**Exercise goal**
Look through the entries below and copy exactly the part that begins with the line containing "100pc Faceted Plastic" and ends with the line containing "Nordic dining table". Do not copy the pictures.

**Source information**
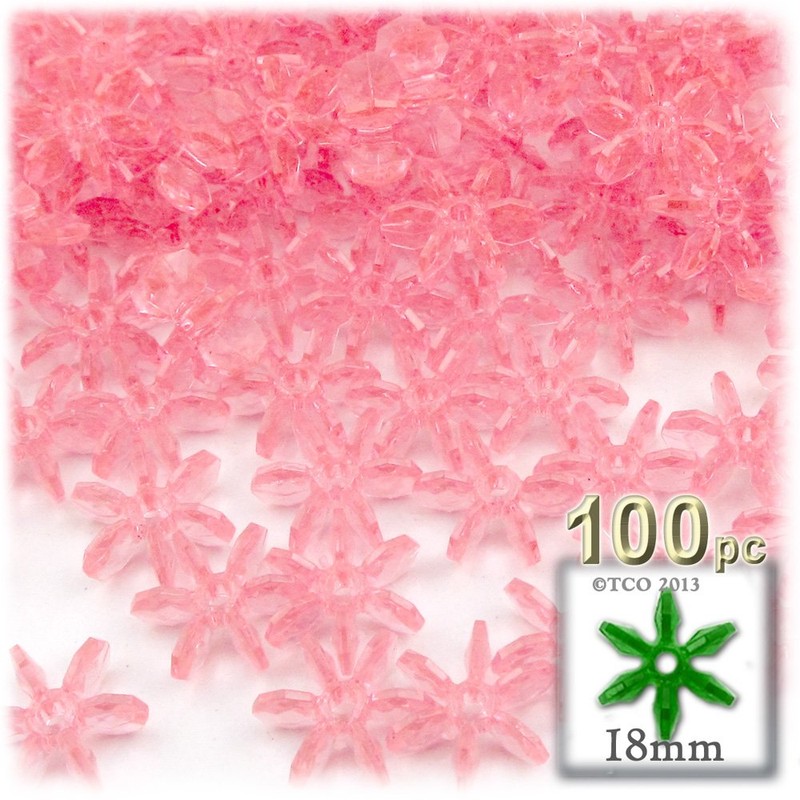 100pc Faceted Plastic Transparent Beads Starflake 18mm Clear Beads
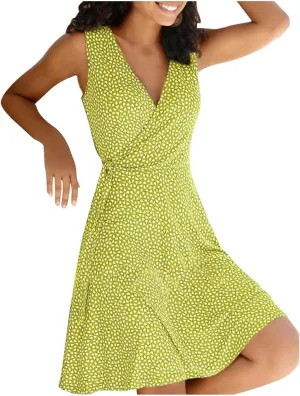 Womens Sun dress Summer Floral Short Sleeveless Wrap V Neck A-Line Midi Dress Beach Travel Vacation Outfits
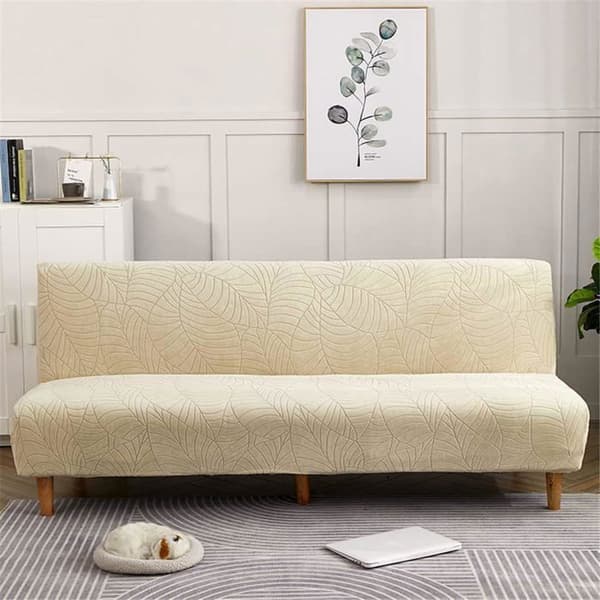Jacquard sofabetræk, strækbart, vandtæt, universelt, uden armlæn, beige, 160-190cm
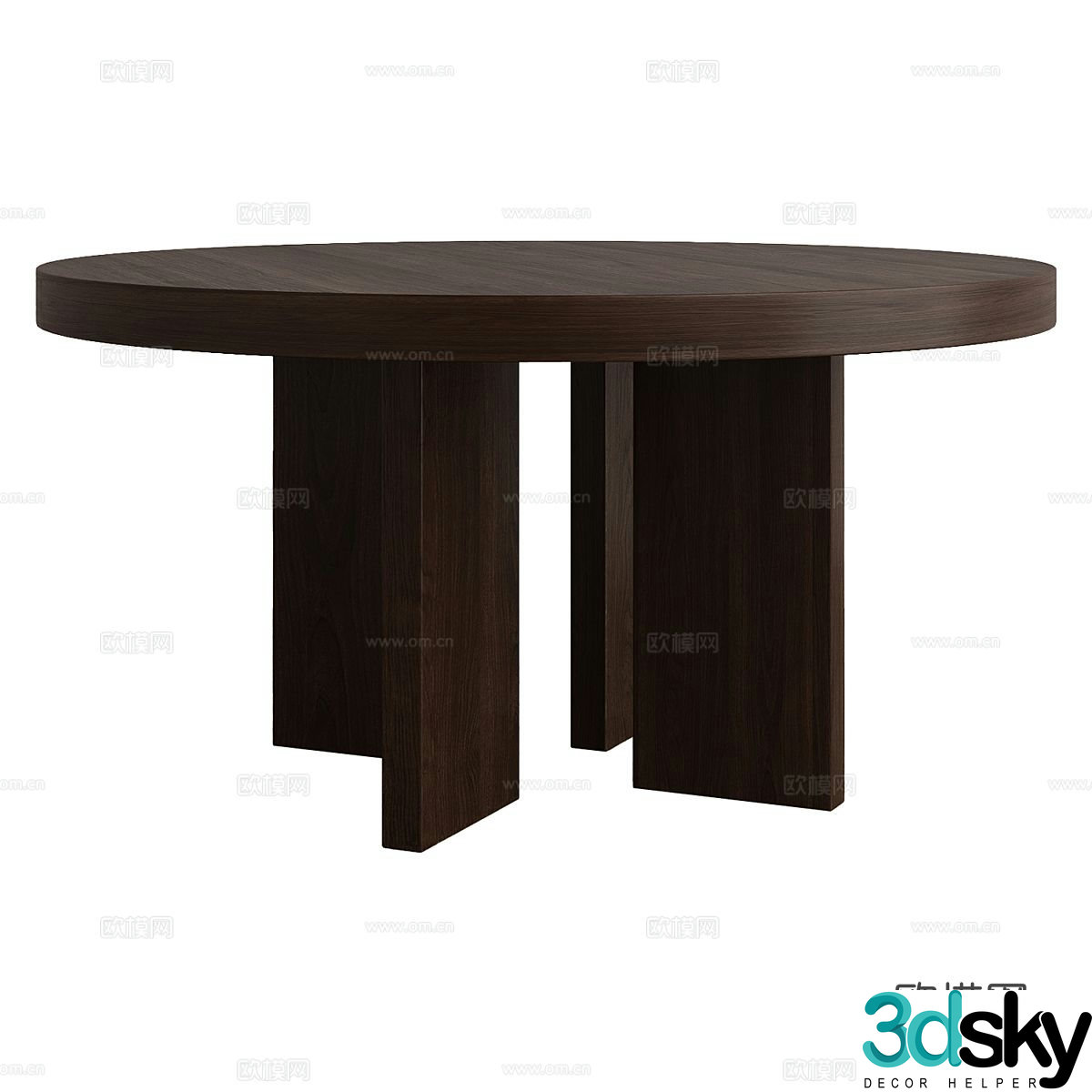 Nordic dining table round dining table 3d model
==
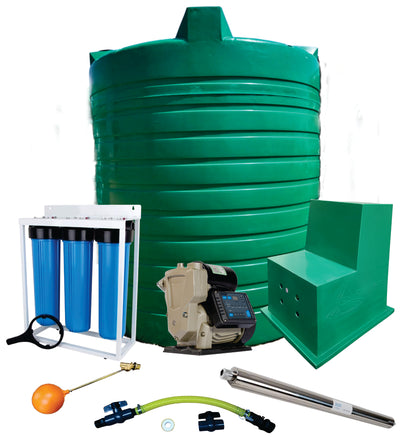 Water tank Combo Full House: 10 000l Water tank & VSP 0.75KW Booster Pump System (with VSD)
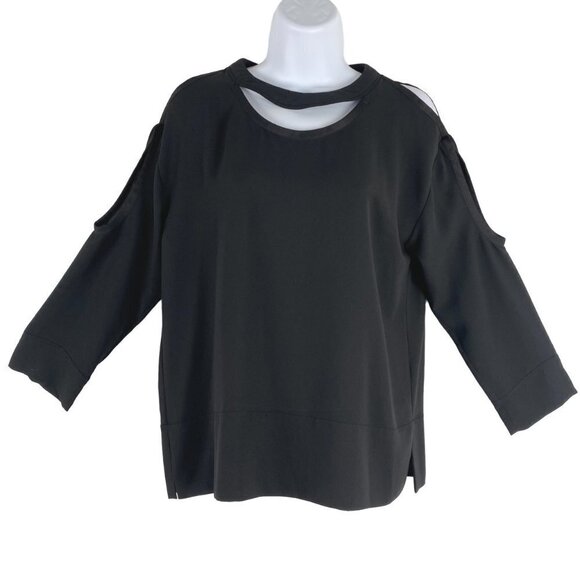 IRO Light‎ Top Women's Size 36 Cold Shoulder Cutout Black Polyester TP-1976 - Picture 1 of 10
* * *
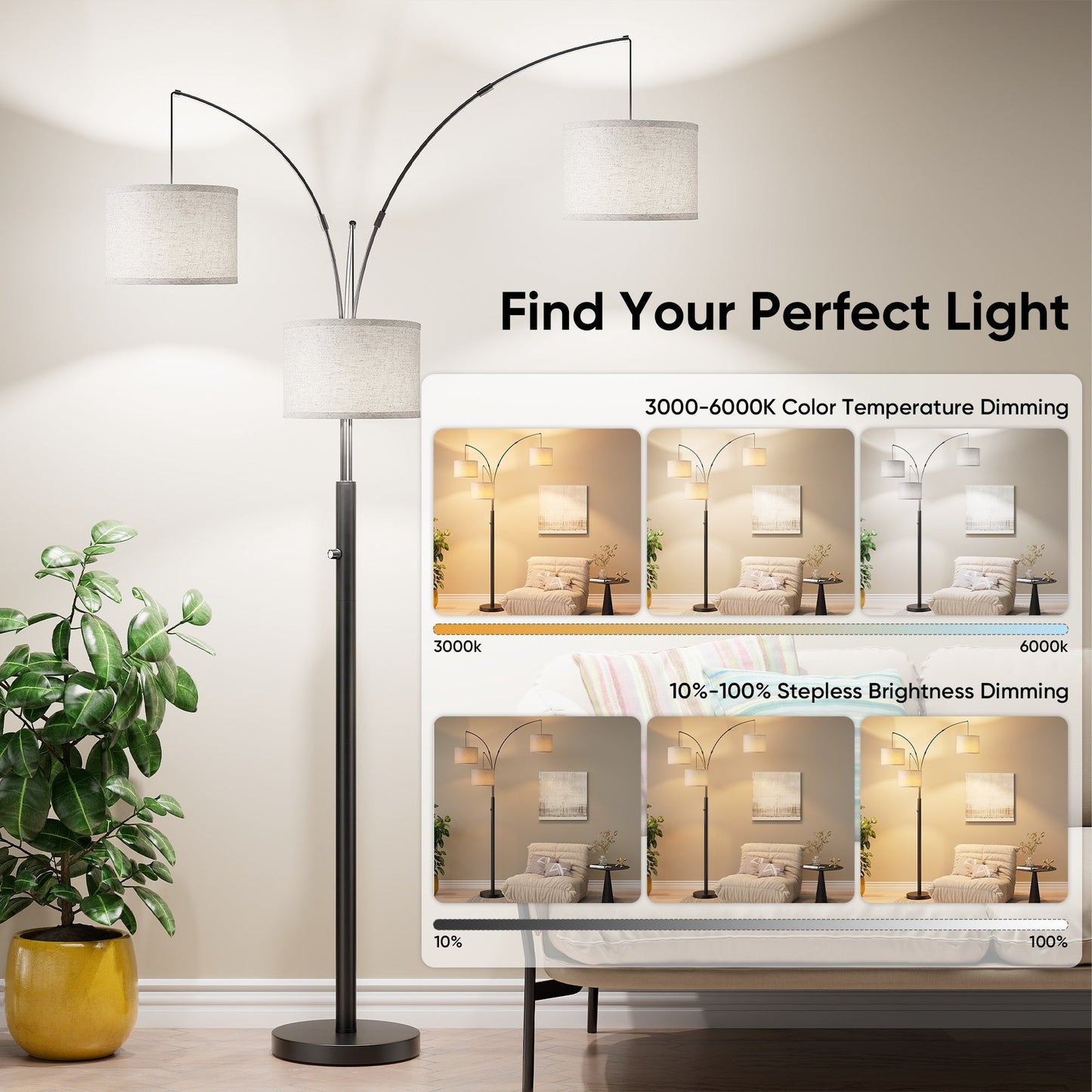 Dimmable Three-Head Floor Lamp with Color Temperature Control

**Task solution**
 100pc Faceted Plastic Transparent Beads Starflake 18mm Clear Beads
 Womens Sun dress Summer Floral Short Sleeveless Wrap V Neck A-Line Midi Dress Beach Travel Vacation Outfits
Jacquard sofabetræk, strækbart, vandtæt, universelt, uden armlæn, beige, 160-190cm
 Nordic dining table round dining table 3d model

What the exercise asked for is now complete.